Most, if not all, of the fears we mentioned in our July letter have not been resolved. A Democratic-controlled Congress has not been able to coalesce around a spending bill designed to support both physical and human infrastructure. The nature of the tax increases necessary to fund this spending remains unknown. Leverage and imbalances in the Chinese property market were laid bare by the Evergrande implosion, which in turn heightened focus on the slowing growth profile of that economy. COVID-induced global labor shortages colliding with increased demand for goods have stressed the global transportation industry, slowing the delivery of goods. Witness the fleets of vessels waiting to unload into west coast ports, and UK gas stations waiting for truck drivers to deliver fuel.
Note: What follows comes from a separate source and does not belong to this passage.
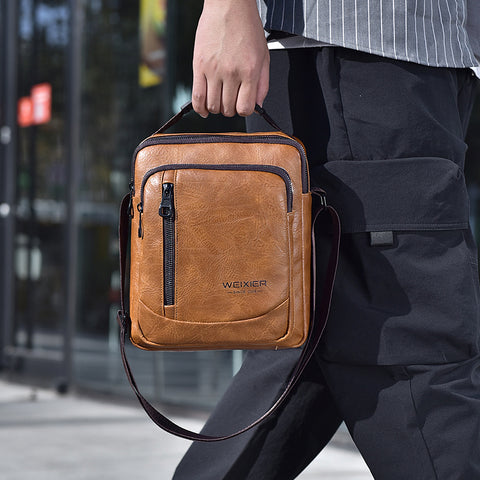 Male Shoulder Briefcase for Man PU Leather Tote Handbag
Production slowdowns during the COVID pandemic across a variety of material producers from fossil fuels to metals have not reversed quickly enough to meet resurgent demand. Companies across many industries have raised prices to offset increased labor, material, and transportation costs, stoking fears of a persistent inflationary environment. These fears are soon to be inflamed by increases in rent in the U.S. as eviction moratoriums end. The U.S. labor market is in the paradoxical situation of having five million fewer people working than prior to the pandemic despite businesses clamoring for employees. While extraordinary unemployment benefits have largely expired, consumer balance sheets remain unusually strong, and the many reverberations of COVID continue to keep workers on the sidelines.
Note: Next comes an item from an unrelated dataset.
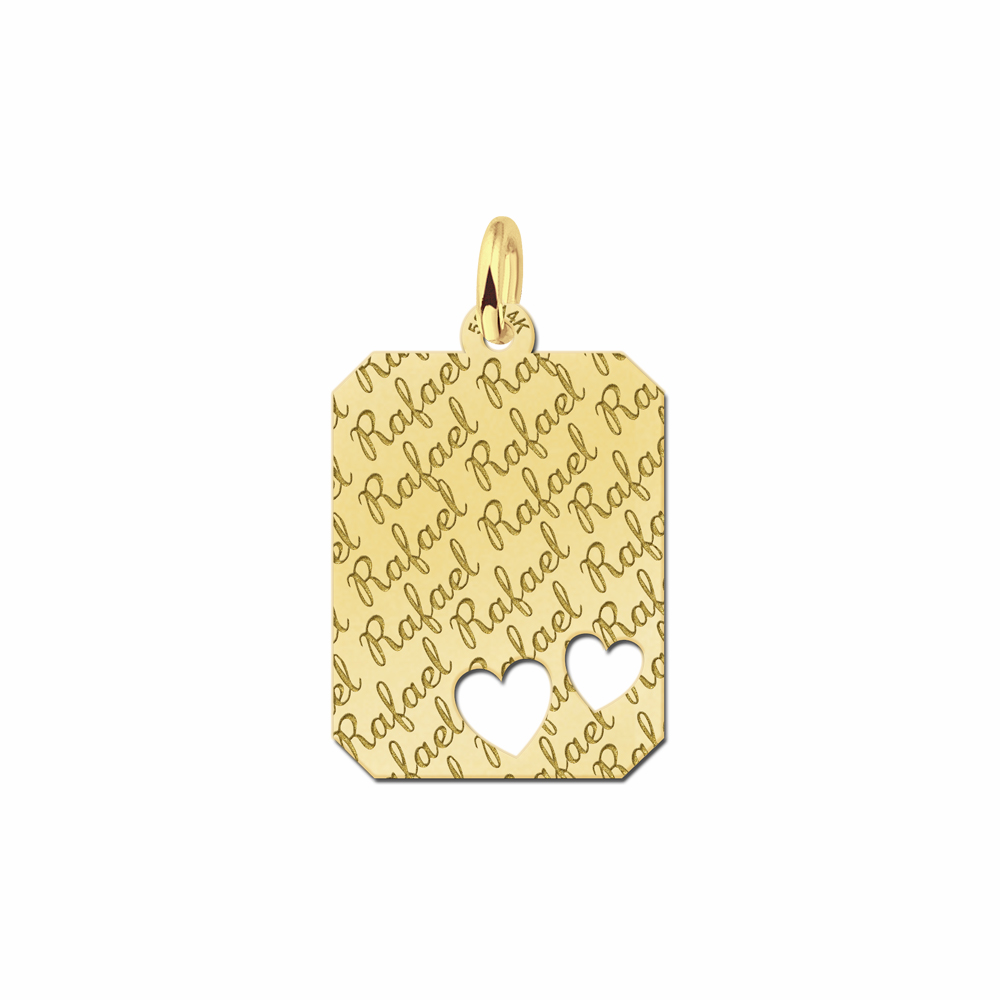 Anhänger aus Gold mit Herzchen - repeat 16x20mm Anhänger aus Gold mit Herzchen - repeat 16x20mm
There is reason to think many of these negatives will recede in the coming year. The surge in the COVID Delta Variant was responsible for transportation and supply disruptions as workers were unable to report to factories and ports. The ebbing of that spike, coupled with positive news on the efficacy of booster shots, suggests that COVID-related disruptions should end sooner rather than later. As history has shown, the cure for high prices in oil and base metals is high prices, which catalyze increased production. The U.S. oil industry has the capacity to ramp up production. While the Federal Reserve may begin tapering its quantitative easing program in November, this monetary support will still be coming into the markets until June of next year. Lastly, with the turnover of the Fed governors there is the potential for a Fed with even more dovish tendencies next year.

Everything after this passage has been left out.